Reacting to Homebrewer responses to AtariAge discontinuing ports

Recently, Atari Age announced that it would no longer sell IP-encumbered products in its store, and would be putting those titles that they planned to discontinue on sale through July 23 of this year.

The Zero Page Homebrew people recently put out a collection of statements by the various luminary developers in the Homebrew scene, and posted them on Facebook as well as covered the news on their video stream.

I have a lot of things to say about this stuff. So, in the spirit of copyright infringement for the common good, I’ve “stolen” the images of each developer’s statements, and offer my reaction to them below. I am nobody special, I just happen to care.

It’s good to see that Champ Games intends to continue developing original games and may pursue licensing rights for ports.

It’s unfortunately a bit naive of Champ Games to announce that they plan to continue to sell ROMs of their IP-encumbered ports. The ROM files are just as subject to IP infringement liability as a physical cartridge is.

I’m reading between the lines a bit, but it seems like Atari Age’s decision to discontinue these games is a pre-emptive effort on their part to limit their legal liability in the event they get sued, and not necessarily a result of any specific takedown effort on the part of the rights holders.

The thing about this is, Atari Age have been operating in this grey market area for many years, and ceasing operations doesn’t absolve them of liability for past transgressions. In principle, the rights holders could go after Atari Age and its affiliates, partners, etc. at any time.

In fact, Atari Age did have to take down Princess Rescue, an Atari 2600 de-make of Super Mario Bros, due to legal action from Nintendo, who are notoriously litigious and vigorous when it comes to protecting their IP.

Legal action can take many forms, from a simple “cease and desist” action to out-of-court settlements, to civil lawsuits to settle tort claims, to criminal charges that could result in fines, imprisonment, etc. There may be statutes of limitations, and a rights holder may or may not wish to take action to protect its IP. Without explicit permission, there’s always the risk that one day some IP holder will wake up and take notice, or decide that “now’s the time” and take action. This hangs like a sword of Damocles over the head of Atari Age and anyone else who chooses to ignore the legal risks of using IP without permission.

Atari Age have managed to operate for many years at a small scale, but the longer they continue to do so, the greater the chances of some IP owner taking notice and taking action. Given the potential liabilities, such action could very easily result in a complete shutdown of all operations, even for fully original works, simply because the IP owner could conceivably be awarded a judgement so large that the infinger is forced into bankruptcy, or due to a legal injunction.

This is true whether you sell or simply give away the works you’re infringing on.
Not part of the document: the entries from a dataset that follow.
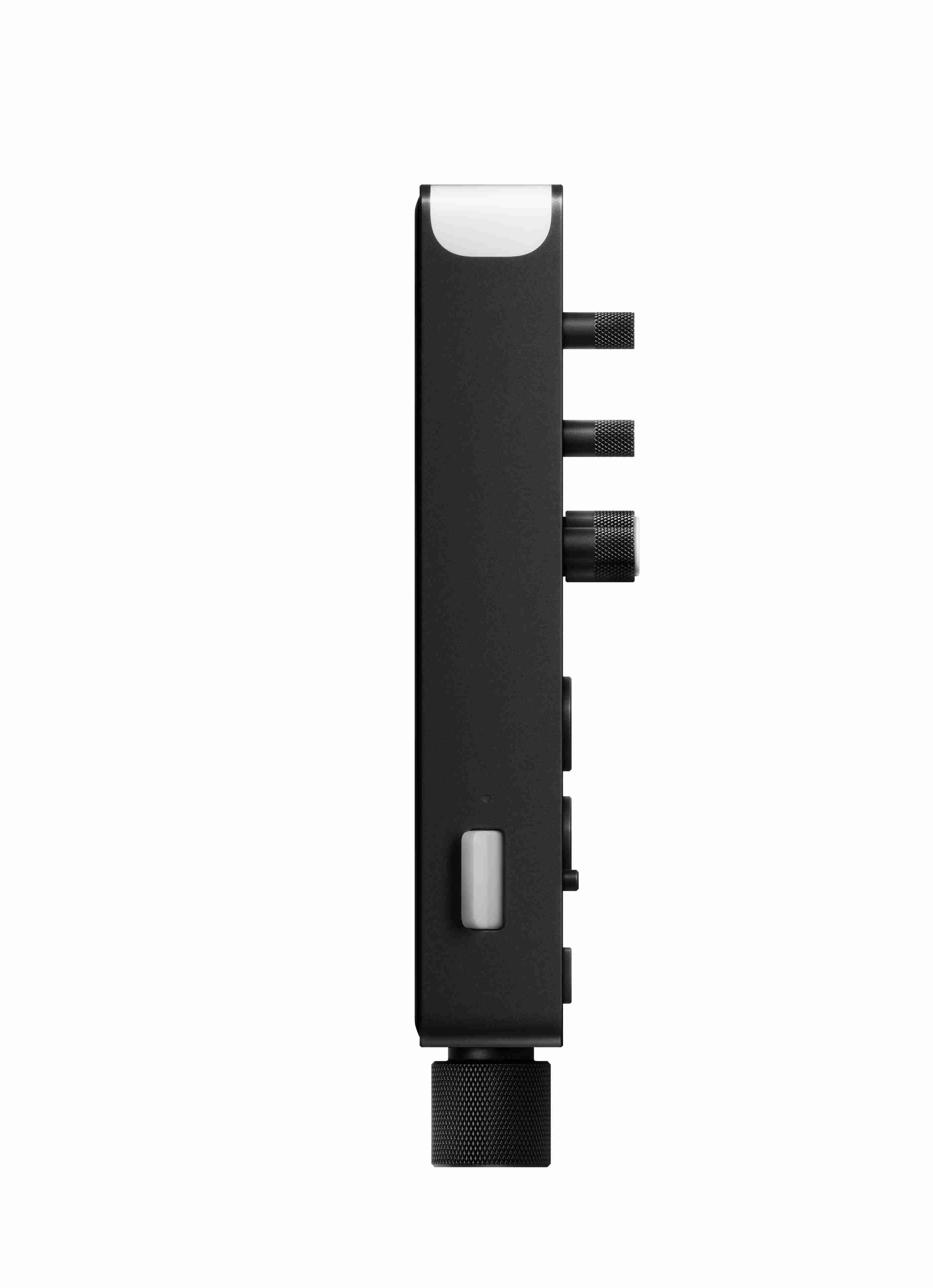 Teenage Engineering TX-6 black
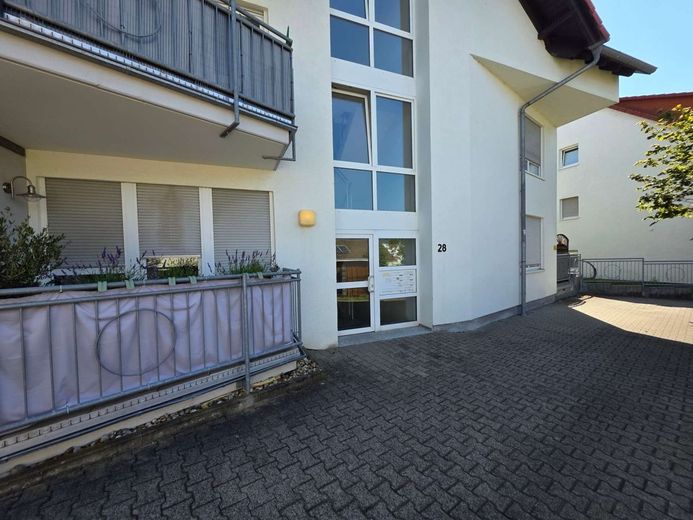 Helle Wohnung mit fußläufig guter Anbindung, West-Balkon und Tiefgaragenstellplatz – Außenansicht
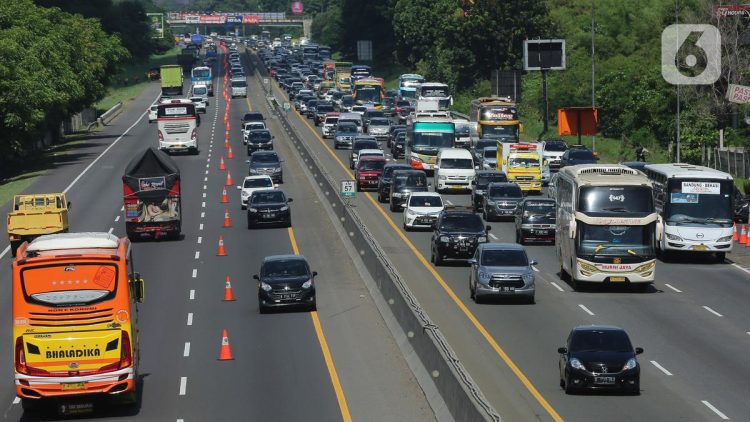 Contraflow Diterapkan di Tol Jakarta-Cikampek Atasi Kepadatan Lalu Lintas Libur Natal 2025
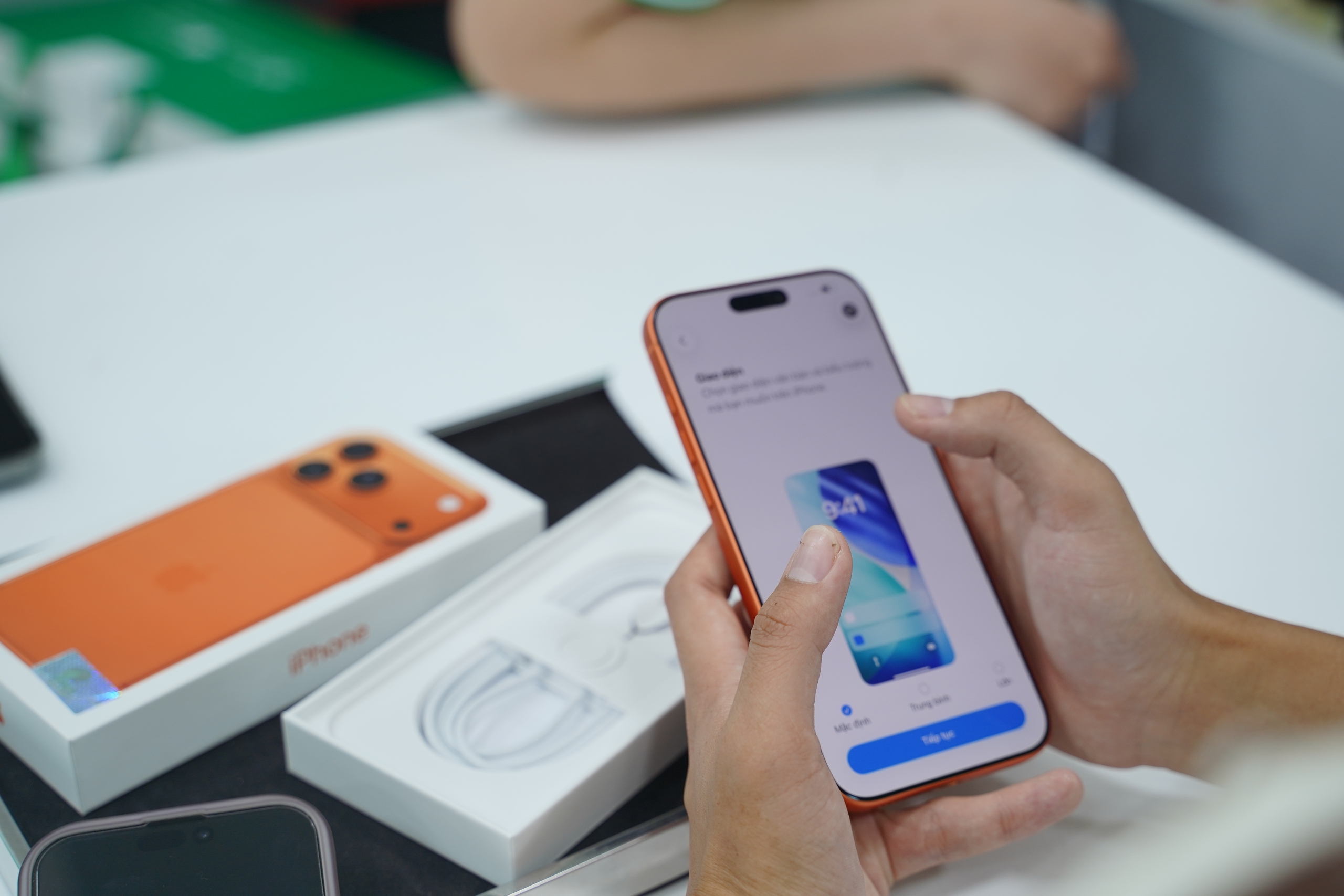 VIDEO "Đập hộp" iPhone 17 Promax tại TP HCM: Người d&acirc;n chọn mua v&igrave; g&igrave;? - Ảnh 5.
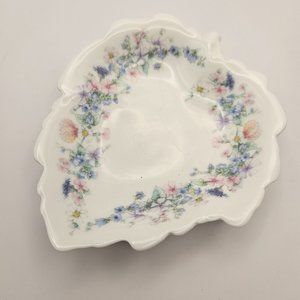 Wedgewood Angela soap dish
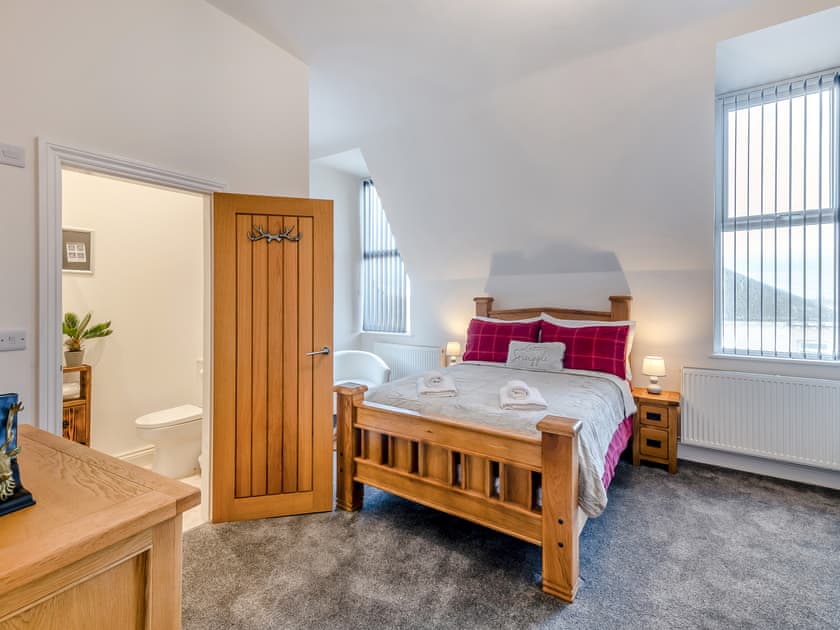 Double bedroom | Sea View PenthouseRegency Mansion, Redcar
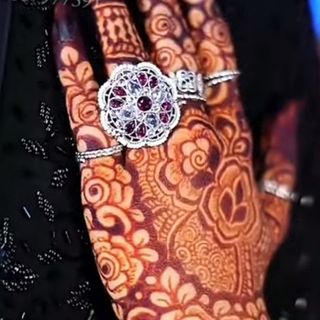 Puja🦋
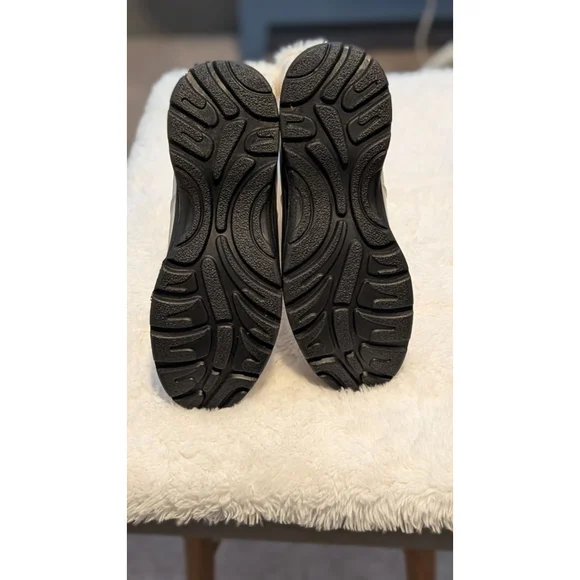 Women's Easy Works by Easy Street Winter White Waterproof Boots Size 10 - Picture 6 of 13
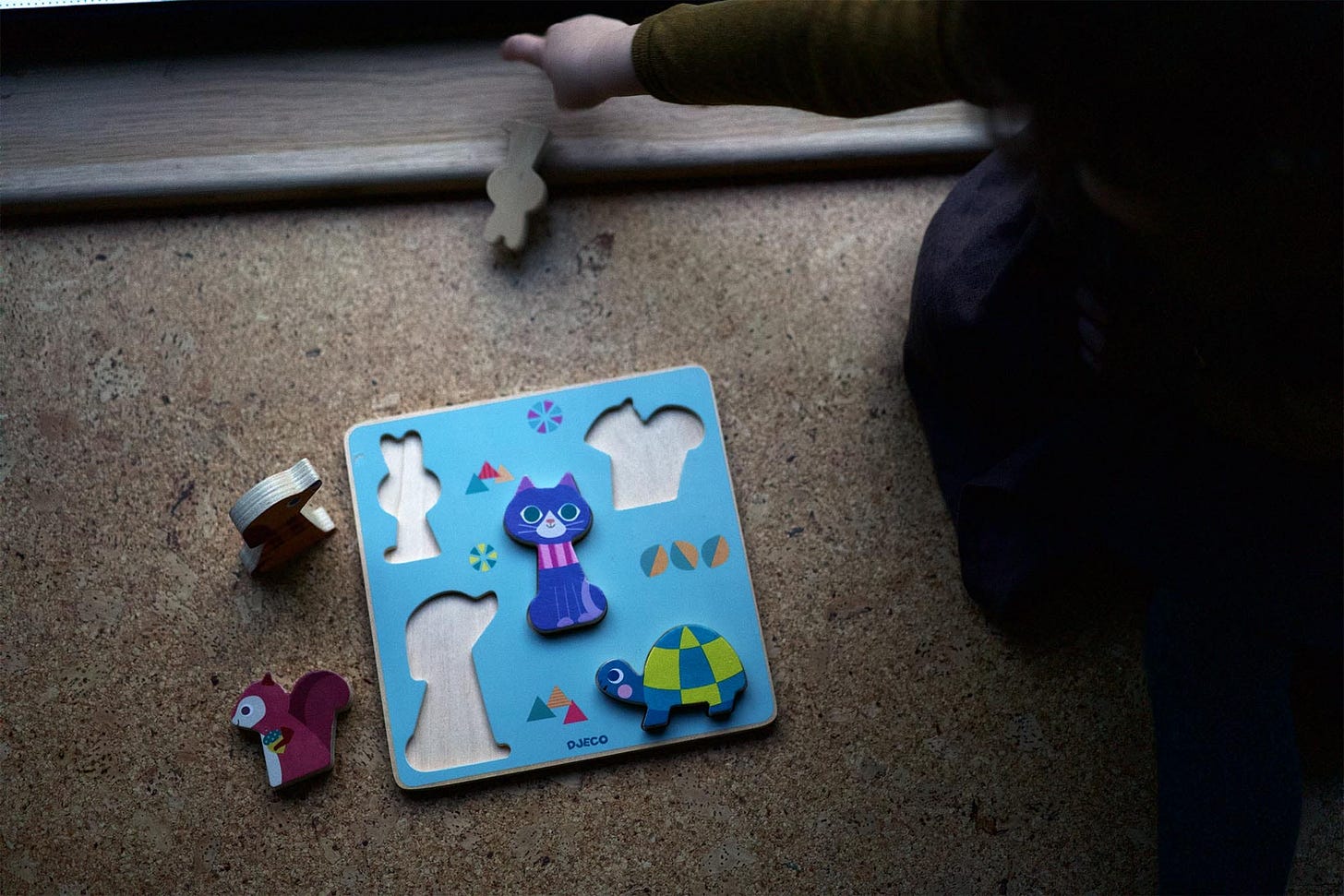Make play inevitable: how nudges guide your child towards independent play Make play inevitable: how nudges guide your child towards independent play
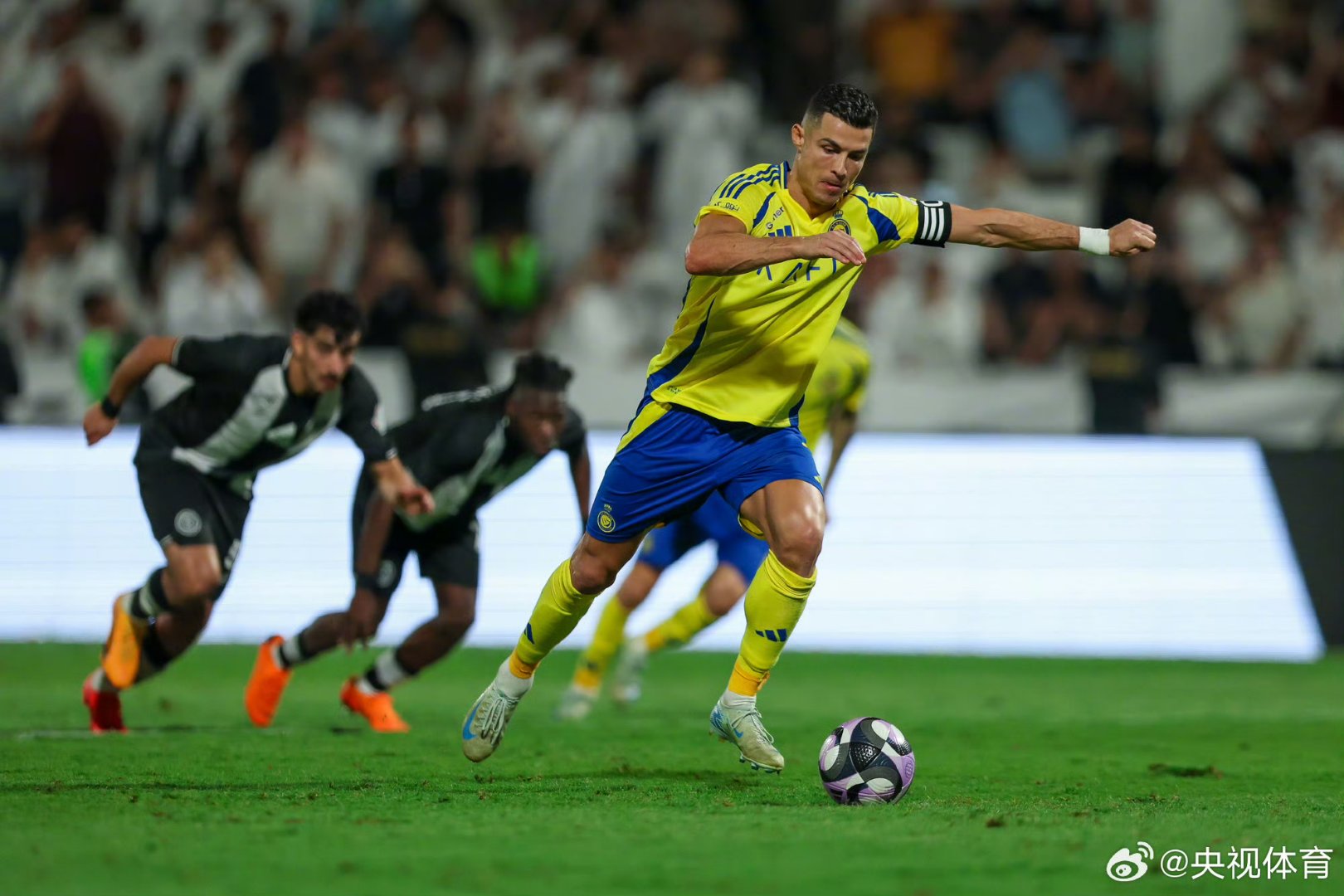 足球运动员精彩表现，带领球队取得胜利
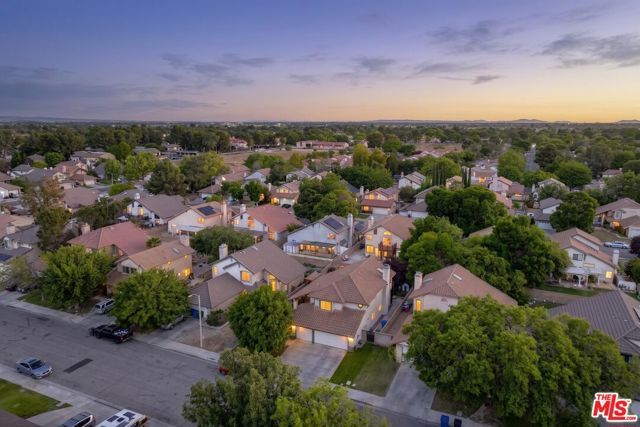 43258 33rd Street, Lancaster, CA 93536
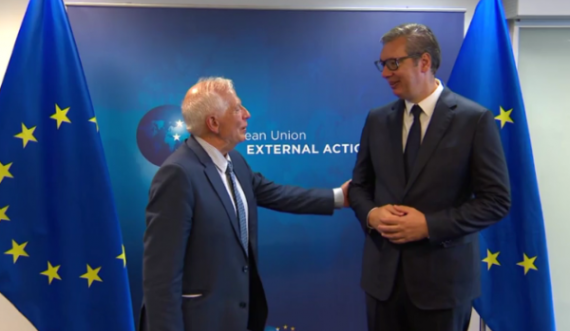 Borrell kureshtar për vizitën e kryeministrit spanjoll në Serbi, e pyet Vuçiqin si shkoi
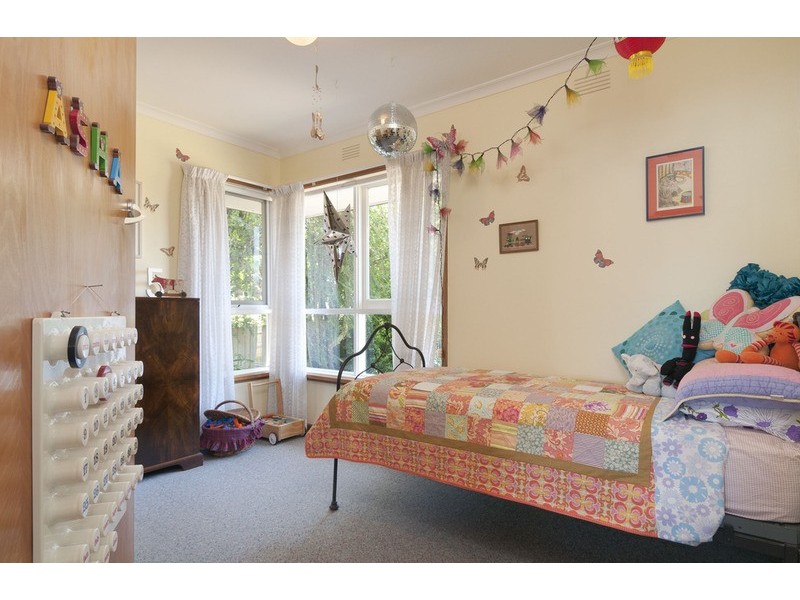 15 Burton  Road, Lilydale VIC 3140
So it does make sense for Atari Age to recognize these risks do exist, and rational for them to want to limit and minimize their exposure.

So the safest way forward would be to completely purge the all infringing material from the store and the website. Leaving IP infringing ROMs available for sale or free download still carries with it risk.

This is unfortunate, and it would seem desirable for the laws to change to somehow be more accommodating for public domain and free use/fair use involving abandoned or inactive IP. But changing the law takes a lot of effort, and we can’t expect that it will happen any time soon, if ever.

So the existing “proper channels” of seeking permission is really the only practical way forward. And even that is very difficult, making it practically out of the reach of many would-be developers, and if the IP owner says “no” there’s basically no recourse available.

Mogno’s statement alludes to the possibility of implementing the rules of a game (which are not copyrightable) to create a new/original work. In other words, a clone game. Conceivably, if you wanted to make a game exactly like Burger Time, you could make the same game but make it about something else, say making Tacos or Pizza, and give it a safe title that couldn’t be construed as diluting the Burger Time trademark or brand, something like Tacomania perhaps. This approach can work to a greater or lesser extent, but it almost never feels as satisfying as playing the “real thing”. That is to say, the trademarked name, characters, etc. all do have real value and contribute to the desirability of the game, and taking these elements out does take something away from the game.

Many of the homebrew port projects have chosen to “soft clone” a game, by making a game that looks and plays as close to the original as possible, but has a title which “parodies” the original, or is a “take-off” of the original title: eg, Qyx is a clone of Qix; RubyQ is a clone of Q*Bert; Galagon is a clone of Galaga; Robot War: 2684 is a clone of Robotron: 2084; etc. How much this actually affords any legal sanctuary for the clone developers is rather dubious, and would need to be tested in courts. Even if the defendants were to win in court, the costs of defending yourself in court is best avoided. Homebrew developers don’t have the legal resources to stand up to corporate legal teams with deep pockets.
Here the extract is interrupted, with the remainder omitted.